### Work task
Line by line, restate the material word for word, omitting any image.

### Material for this task
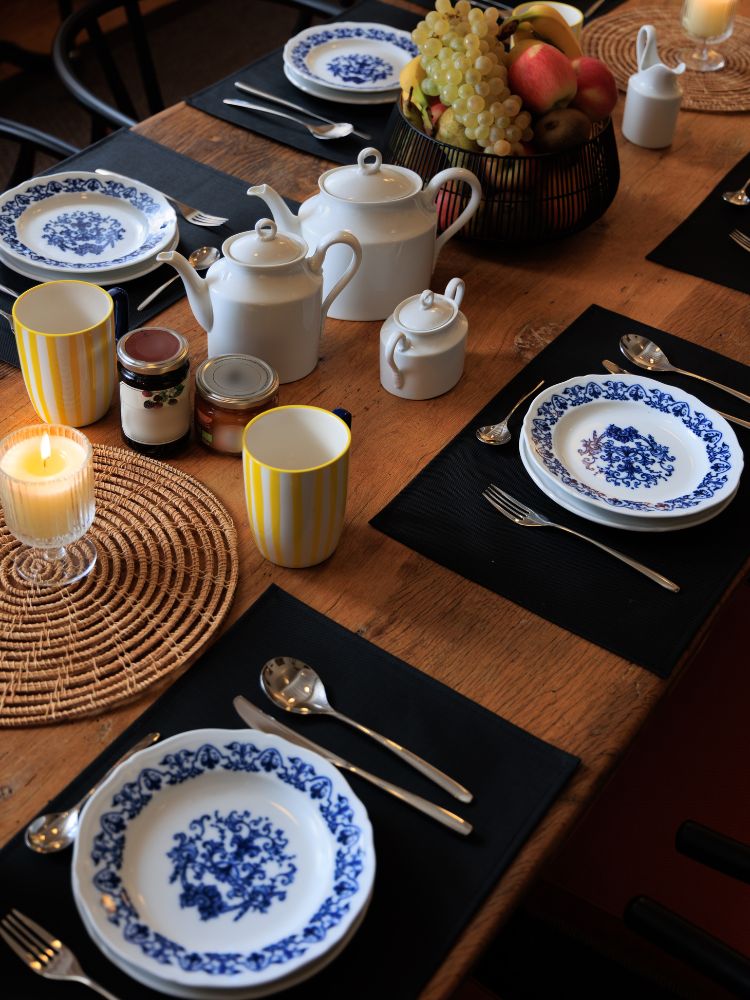 Table set in Portuguese style with a wooden table with a black cloth covering it.  There are four white plates with blue floral designs, one on each corner of the table.  Each plate has a silver spoon next to it.  There are also four straw placemats under the plates.  In the center of the table, there is a fruit basket with grapes and apples.  There is also a white teapot and sugar bowl, and two yellow and white striped candles.  The image conveys a feeling of warmth and tradition. 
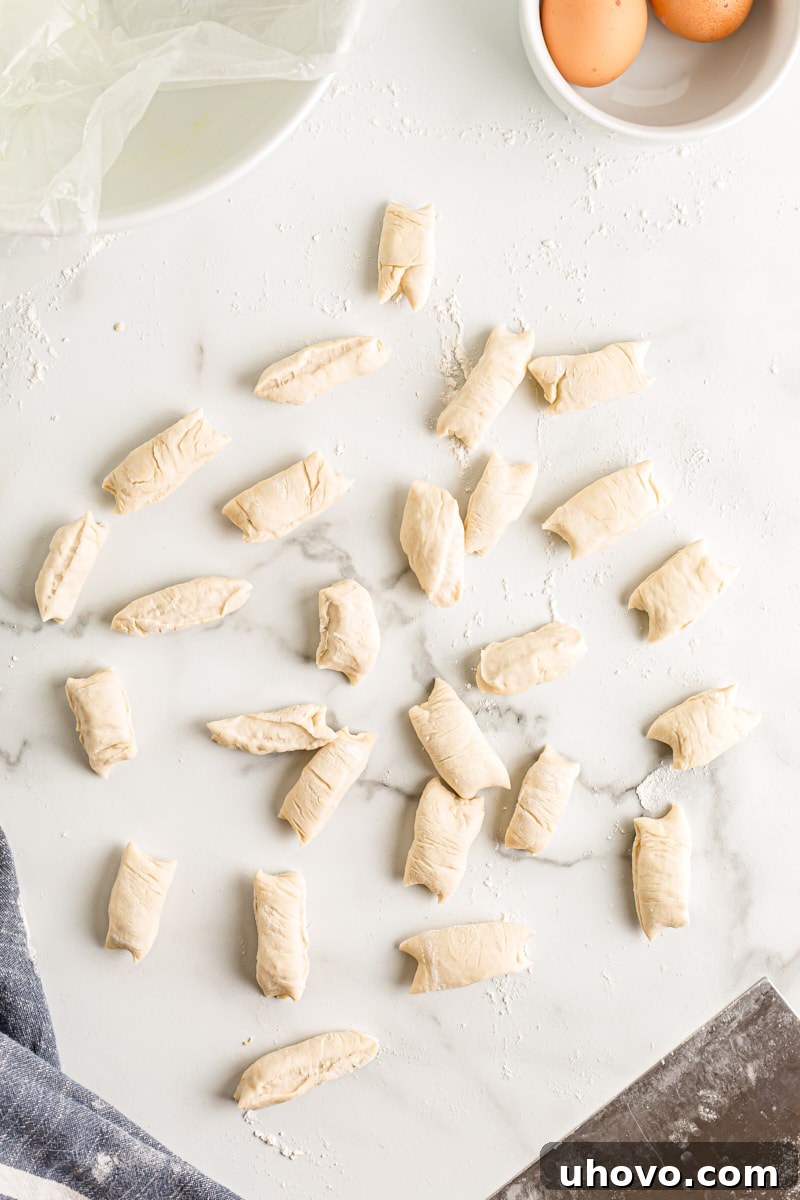 Precisely cut 1-inch pieces of pretzel dough, arranged neatly and ready for the baking soda bath.
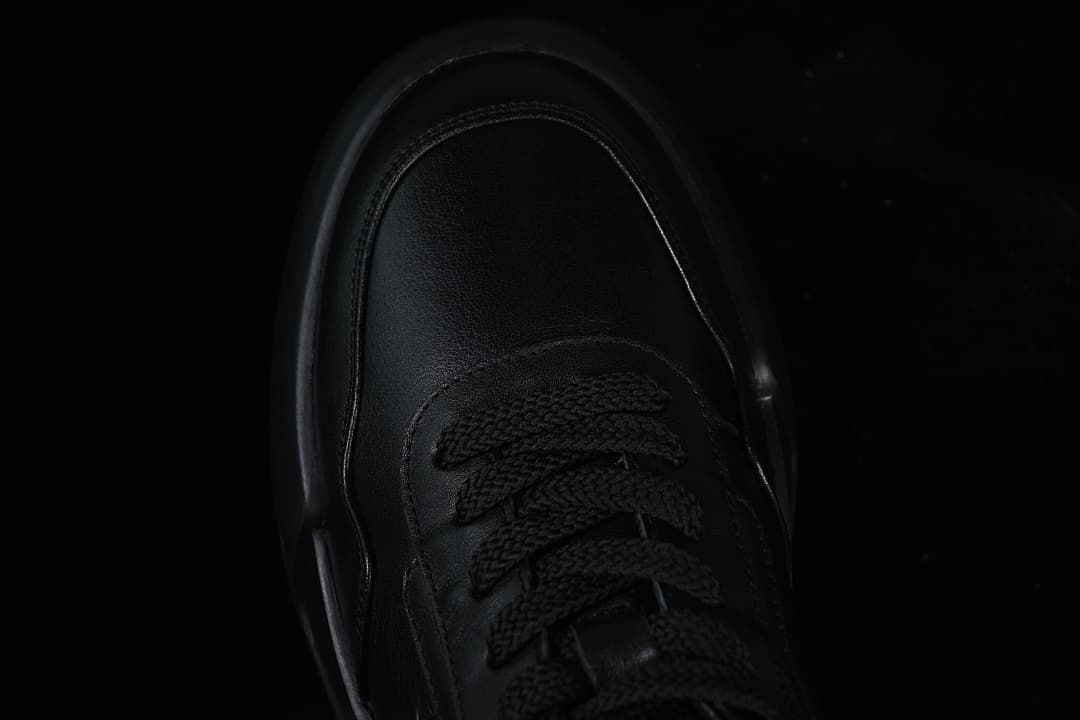 Top view of the sneaker toe and black laces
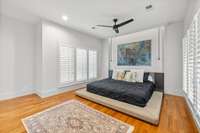 Windows with plantation shutters, inset lighting, hardwood floors, and the perfect size makes this primary bedroom a 10!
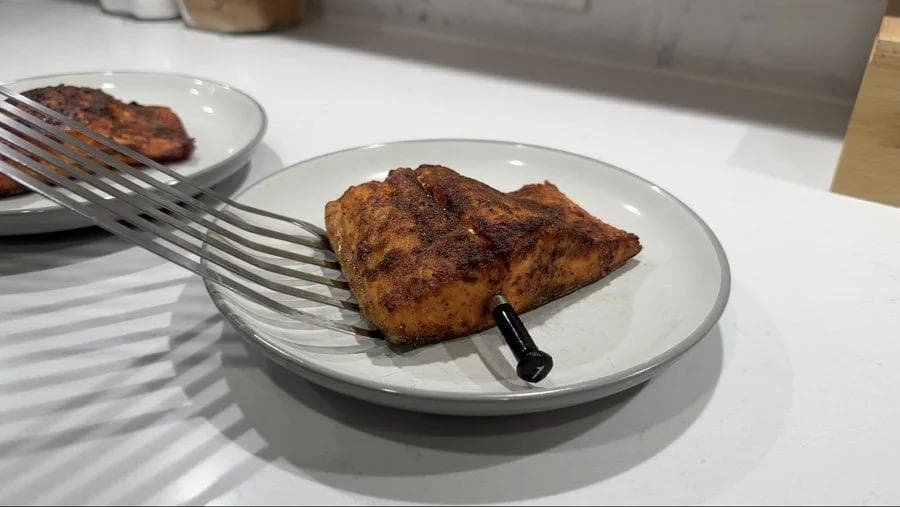 Cooked air fryer salmon fillet on a white plate with fork, showing golden-brown seasoned skin.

### Response area
 Table set in Portuguese style with a wooden table with a black cloth covering it.  There are four white plates with blue floral designs, one on each corner of the table.  Each plate has a silver spoon next to it.  There are also four straw placemats under the plates.  In the center of the table, there is a fruit basket with grapes and apples.  There is also a white teapot and sugar bowl, and two yellow and white striped candles.  The image conveys a feeling of warmth and tradition. 
 Precisely cut 1-inch pieces of pretzel dough, arranged neatly and ready for the baking soda bath.
 Top view of the sneaker toe and black laces
 Windows with plantation shutters, inset lighting, hardwood floors, and the perfect size makes this primary bedroom a 10!
 Cooked air fryer salmon fillet on a white plate with fork, showing golden-brown seasoned skin.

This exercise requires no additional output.